The objective is clear: to go from 75 to 210 establishments. Papa John’s has started 2021 with its growth plan in Spain between eyebrows. A strategy with which it intends to open more than a hundred restaurants and triple its workforce in the next three years.
The American pizzeria chain, which operates in almost fifty markets and has more than 5,500 locations around the world, landed in Spain in 2015. Since then, Papa John’s has controlled the business with its own restaurants, but now the company is ready to make the leap to the franchise model.
Juan Olave, CEO of the Drake group, a holding company of which the American company is part, is already piloting a project that will increase the number of restaurants in the Iberian market by 180%. In this mission, franchises will play an essential role when expanding throughout the national territory.
“We have enough restaurants to teach our franchisees that the model works and that there is a support structure for operations, purchases, marketing … that makes it an attractive and solvent business,” says the executive. The average cost of opening a franchise is 300,000 euros of which Papa John’s charges a 5% royalty and another 5% for the launch of the brand.
The touchstone has been Portugal, where they already have a franchised establishment in Lisbon. This pilot action has allowed the company to have the “greased machinery” to sign the first agreements in Spain during this month of January.
Papa John’s is looking for franchisees “committed” to the company’s strategy, who also have experience in the restaurant sector and who are willing to open between three and five restaurants in the next three years. “It is a concept that works. The business model is scalable ”, says Olave confident of the potential of his brand.
Papa John’s is based in Madrid. Its presence in the capital has taken hold and it has 45 restaurants. In the metropolitan area of Barcelona it reaches ten. Very far from the three stores it has in Zaragoza and Valencia.
To establish himself on the national board, Olave looks to Andalusia and focuses the next operations in Malaga and Seville. Nor does he forget the Basque Country and Galicia. While franchises facilitate the presence in other cities and provinces, the new own pizzerias will open in large population centers.
Papa John’s plans to open another 60 restaurants in the Iberian market and has already done its homework: 50% of those corresponding to 2021 “have already been signed.” This is a “guarantee” to meet the objectives of exceeding the more than 200 locations that the company has set.
Despite the covid-19 health crisis, Papa John’s has invoiced more than 38 million euros at the end of 2020, compared to 33.6 million euros corresponding to 2019. “We have grown more than 10%, counting almost on the same number of restaurants ”, emphasizes Olave.
Openings have been “minor” during the pandemic, so the newly appointed CEO of the restaurant chain considers this result “very commendable” in such a difficult year. Many stores have been closed for months and during the de-escalation, the workforce was burdened with the “psychological effort” due to the risk of contagion: shift employees were reduced and all hygienic-sanitary protocols were implemented to provide “quality service” in time and form that clients demand.
The pandemic caused the consumption and collection of products in the premises to be reduced. According to the study by the home delivery company Just Eat, the health crisis has destroyed 90% of the volume of hospitality activity, making home delivery emerge as “a lifeline for the sector”.
This report, Gastrometer 2020 , shows that during the lockdown the number of home orders increased by 50% . Papa John’s has its own pizza delivery service and is also in the main aggregators. ” Delivery has always accounted for a significant percentage of our billing and there was a balance with sales in theaters,” says Olave.
The company has improved its figures as consumption habits point towards food delivery. However, Olave is aware that “not everyone likes to eat pizza at home.” For this reason, it does not prioritize any sales channel and hopes that, once the health crisis is over, there will be a “rebalancing” and customers will return to the restaurants.

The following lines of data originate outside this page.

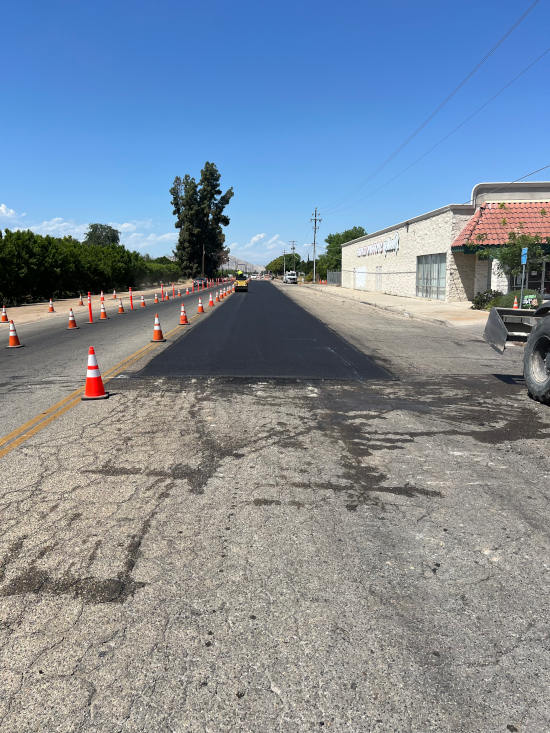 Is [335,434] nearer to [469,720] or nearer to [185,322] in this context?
[469,720]

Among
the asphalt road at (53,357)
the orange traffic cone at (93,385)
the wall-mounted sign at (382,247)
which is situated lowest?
the asphalt road at (53,357)

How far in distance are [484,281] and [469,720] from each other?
29.8m

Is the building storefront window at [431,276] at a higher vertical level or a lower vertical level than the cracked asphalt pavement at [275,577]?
higher

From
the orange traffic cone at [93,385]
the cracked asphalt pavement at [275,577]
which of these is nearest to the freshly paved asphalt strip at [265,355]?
the orange traffic cone at [93,385]

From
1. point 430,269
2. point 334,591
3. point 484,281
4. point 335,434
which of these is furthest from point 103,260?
point 334,591

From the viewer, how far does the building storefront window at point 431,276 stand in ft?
102

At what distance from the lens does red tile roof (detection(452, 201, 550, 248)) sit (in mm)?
27125

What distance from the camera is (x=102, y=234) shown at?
134m

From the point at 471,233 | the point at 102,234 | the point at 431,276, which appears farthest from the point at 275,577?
the point at 102,234

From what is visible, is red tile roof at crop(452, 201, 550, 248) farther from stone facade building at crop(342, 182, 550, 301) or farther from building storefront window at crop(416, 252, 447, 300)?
building storefront window at crop(416, 252, 447, 300)

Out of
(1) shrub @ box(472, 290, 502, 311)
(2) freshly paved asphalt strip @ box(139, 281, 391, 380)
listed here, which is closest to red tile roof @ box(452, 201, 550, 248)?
(1) shrub @ box(472, 290, 502, 311)

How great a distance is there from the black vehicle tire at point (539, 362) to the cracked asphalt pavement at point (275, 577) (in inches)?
54.8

That’s where Papa John’s new growth plan comes in. “Physical expansion is not a risk, but a necessity. We have to gain size and grow in other parts of Spain and we are going to underpin this strategy with the arrival of franchisees ”.
The Just Eat report shows that pizza is king of takeout food. The barbecue, the carbonara and the four cheeses occupy the podium of the best-selling dishes nationwide in a year where Italian food has overtaken the oriental.
After five years in the Spanish market, Papa John’s wants to establish itself among the main references in the pizza sector and has Telepizza and Domino’s as competitors. He came differentiating himself thanks to the characteristic chilli and garlic sauce that accompany his pizzas, but now he wants to go “beyond” these marketing claims.
“We have the best ingredients and the best pizzas,” says Olave. And he concludes: “The competition arrived much longer and is more expanded. Our challenge is to grow in other cities to gain brand awareness ”.